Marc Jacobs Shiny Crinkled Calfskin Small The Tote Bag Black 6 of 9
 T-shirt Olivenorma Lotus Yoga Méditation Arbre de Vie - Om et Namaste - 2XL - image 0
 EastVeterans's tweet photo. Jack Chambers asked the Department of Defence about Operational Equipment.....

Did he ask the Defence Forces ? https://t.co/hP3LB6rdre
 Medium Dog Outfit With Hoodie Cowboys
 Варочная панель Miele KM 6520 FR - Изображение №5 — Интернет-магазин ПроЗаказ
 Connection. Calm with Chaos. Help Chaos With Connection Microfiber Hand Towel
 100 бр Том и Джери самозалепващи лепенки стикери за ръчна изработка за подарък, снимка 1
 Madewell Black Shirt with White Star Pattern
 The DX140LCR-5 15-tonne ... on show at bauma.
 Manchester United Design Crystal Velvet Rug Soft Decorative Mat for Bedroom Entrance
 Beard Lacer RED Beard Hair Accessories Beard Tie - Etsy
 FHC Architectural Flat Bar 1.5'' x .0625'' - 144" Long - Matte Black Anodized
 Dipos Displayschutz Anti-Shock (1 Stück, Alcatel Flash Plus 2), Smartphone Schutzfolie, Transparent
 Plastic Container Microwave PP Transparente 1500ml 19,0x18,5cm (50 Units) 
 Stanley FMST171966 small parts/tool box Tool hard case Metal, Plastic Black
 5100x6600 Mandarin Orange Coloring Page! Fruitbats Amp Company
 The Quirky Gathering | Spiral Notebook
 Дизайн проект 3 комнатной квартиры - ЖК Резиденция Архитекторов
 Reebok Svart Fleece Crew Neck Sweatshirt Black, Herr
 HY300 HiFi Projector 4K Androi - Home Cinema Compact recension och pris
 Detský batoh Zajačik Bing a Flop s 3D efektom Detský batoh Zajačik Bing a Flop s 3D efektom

Task details: Copy out the records in full, matching every line character for character.

Response below:
Marc Jacobs Shiny Crinkled Calfskin Small The Tote Bag Black 6 of 9
 T-shirt Olivenorma Lotus Yoga Méditation Arbre de Vie - Om et Namaste - 2XL - image 0
 EastVeterans's tweet photo. Jack Chambers asked the Department of Defence about Operational Equipment.....

Did he ask the Defence Forces ? https://t.co/hP3LB6rdre
 Medium Dog Outfit With Hoodie Cowboys
 Варочная панель Miele KM 6520 FR - Изображение №5 — Интернет-магазин ПроЗаказ
 Connection. Calm with Chaos. Help Chaos With Connection Microfiber Hand Towel
 100 бр Том и Джери самозалепващи лепенки стикери за ръчна изработка за подарък, снимка 1
 Madewell Black Shirt with White Star Pattern
 The DX140LCR-5 15-tonne ... on show at bauma.
 Manchester United Design Crystal Velvet Rug Soft Decorative Mat for Bedroom Entrance
 Beard Lacer RED Beard Hair Accessories Beard Tie - Etsy
 FHC Architectural Flat Bar 1.5'' x .0625'' - 144" Long - Matte Black Anodized
 Dipos Displayschutz Anti-Shock (1 Stück, Alcatel Flash Plus 2), Smartphone Schutzfolie, Transparent
 Plastic Container Microwave PP Transparente 1500ml 19,0x18,5cm (50 Units) 
 Stanley FMST171966 small parts/tool box Tool hard case Metal, Plastic Black
 5100x6600 Mandarin Orange Coloring Page! Fruitbats Amp Company
 The Quirky Gathering | Spiral Notebook
 Дизайн проект 3 комнатной квартиры - ЖК Резиденция Архитекторов
 Reebok Svart Fleece Crew Neck Sweatshirt Black, Herr
 HY300 HiFi Projector 4K Androi - Home Cinema Compact recension och pris
 Detský batoh Zajačik Bing a Flop s 3D efektom Detský batoh Zajačik Bing a Flop s 3D efektom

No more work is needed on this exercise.